WORK TO BE COMPLETED:
Taking only the lines of the data below from the line with "INZAMELING LANDBOUWFOLIE OP CONTAINERPARK" to the line with "Meta Quest VR", ends included, write them out exactly and without pictures.

RECORD SET:

—————

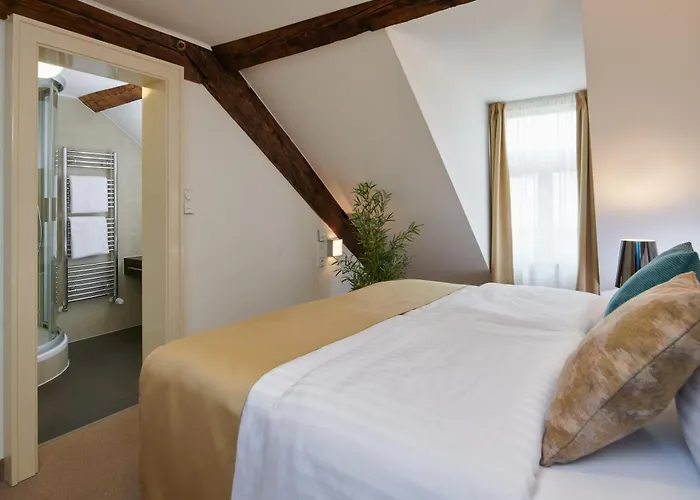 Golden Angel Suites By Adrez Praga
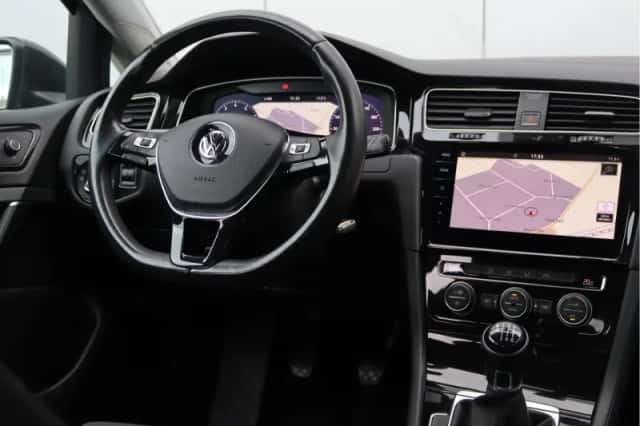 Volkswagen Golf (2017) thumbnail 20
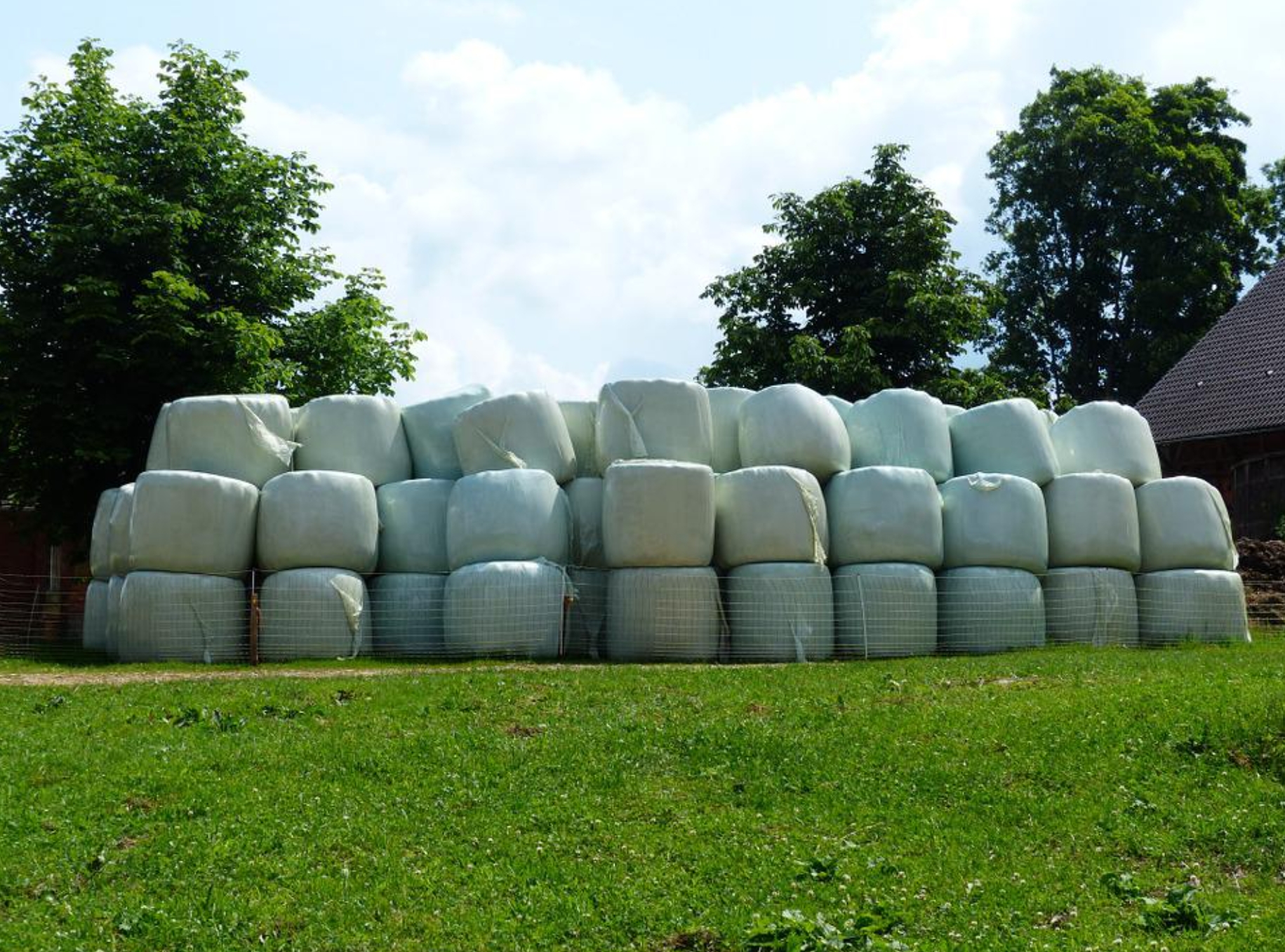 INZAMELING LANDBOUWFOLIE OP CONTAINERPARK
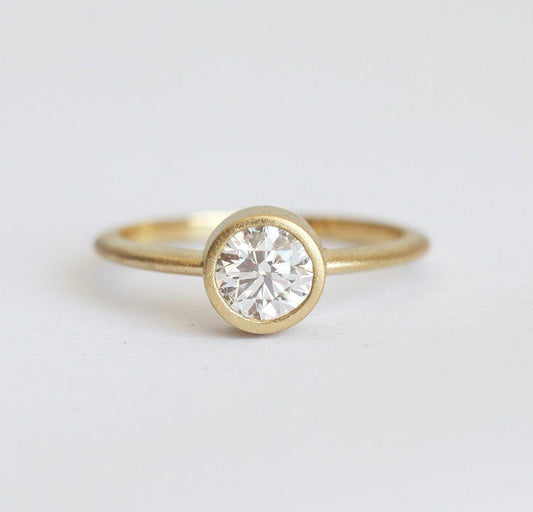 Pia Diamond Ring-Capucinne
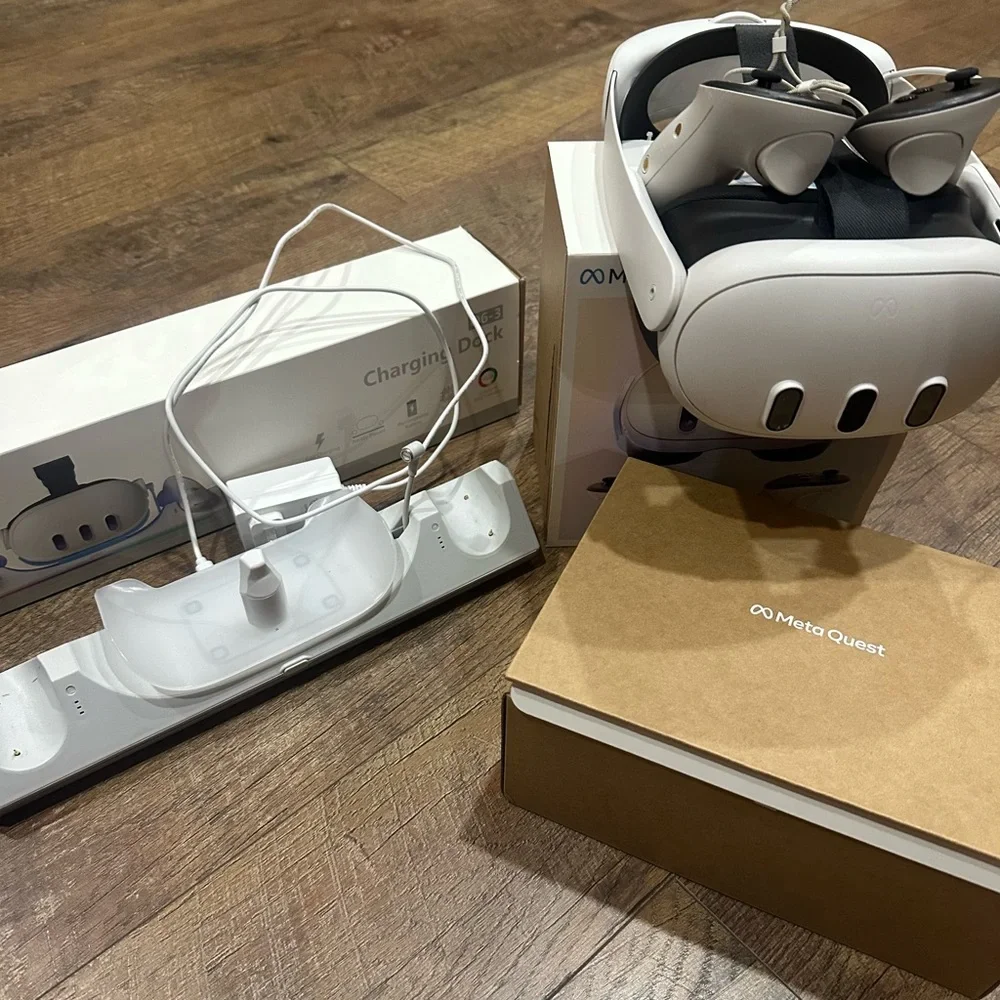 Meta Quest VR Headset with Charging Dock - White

—————

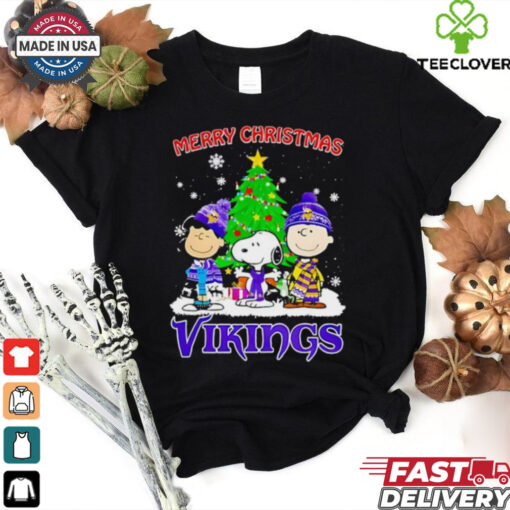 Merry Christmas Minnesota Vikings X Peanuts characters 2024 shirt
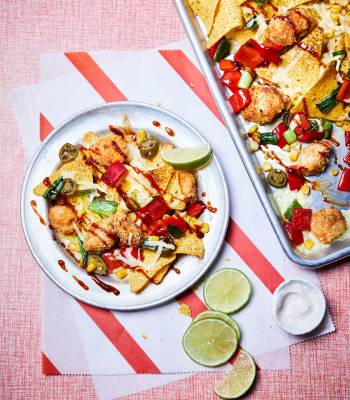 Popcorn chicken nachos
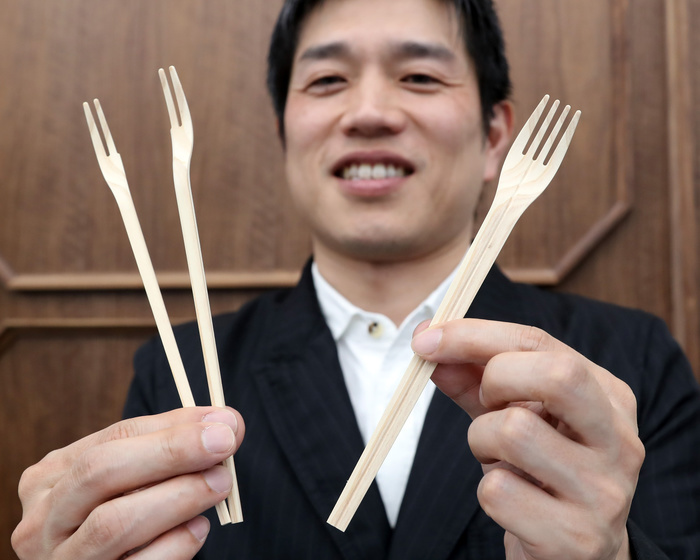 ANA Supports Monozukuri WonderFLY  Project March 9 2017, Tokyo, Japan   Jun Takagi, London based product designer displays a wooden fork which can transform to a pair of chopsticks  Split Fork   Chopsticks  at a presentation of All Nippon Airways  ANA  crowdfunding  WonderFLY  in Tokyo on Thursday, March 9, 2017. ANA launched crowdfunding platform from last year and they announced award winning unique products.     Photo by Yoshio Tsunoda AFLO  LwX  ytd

—————

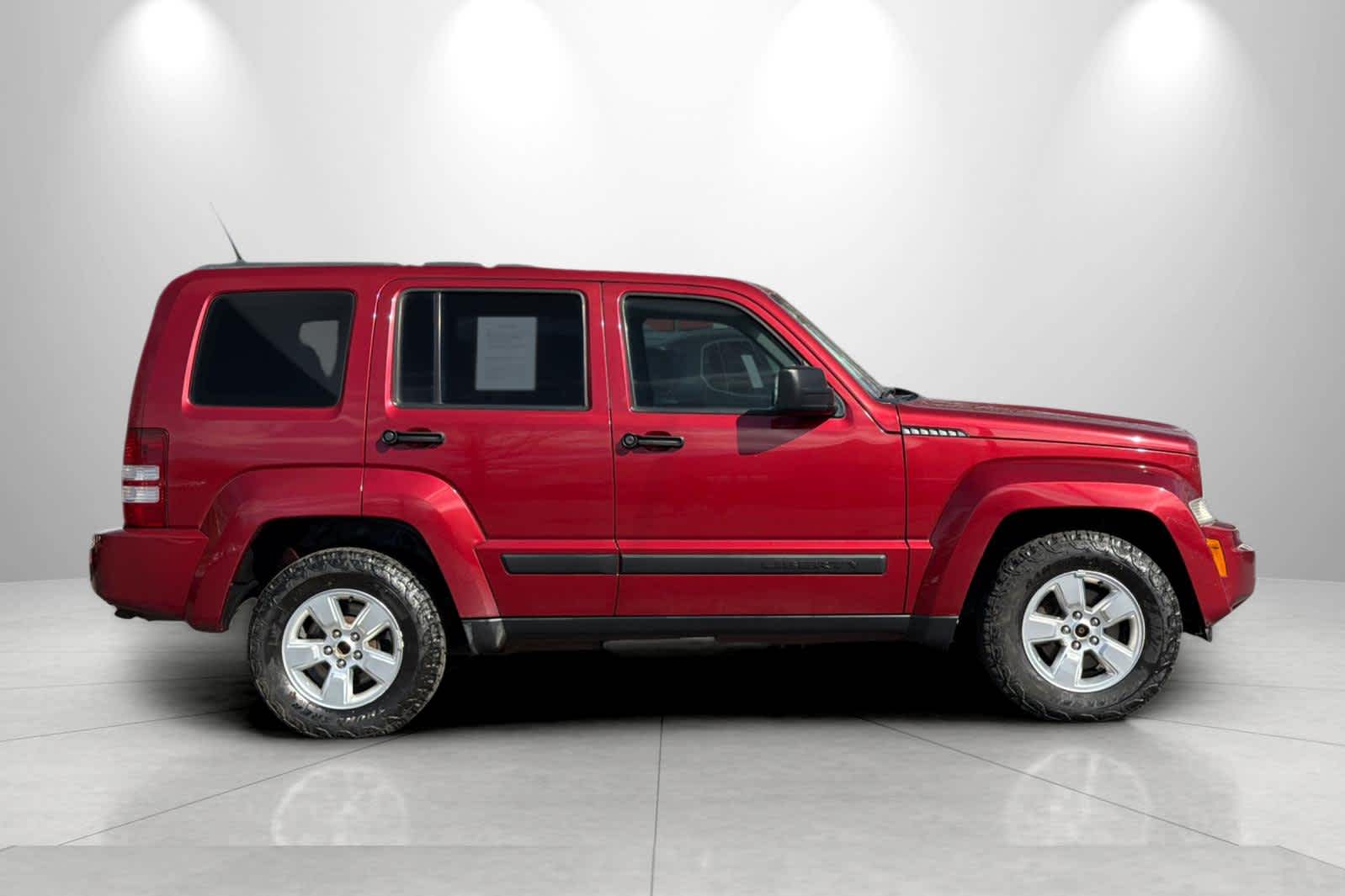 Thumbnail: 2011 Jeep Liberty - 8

—————

EXERCISE RESPONSE:
 INZAMELING LANDBOUWFOLIE OP CONTAINERPARK
 Pia Diamond Ring-Capucinne
 Meta Quest VR Headset with Charging Dock - White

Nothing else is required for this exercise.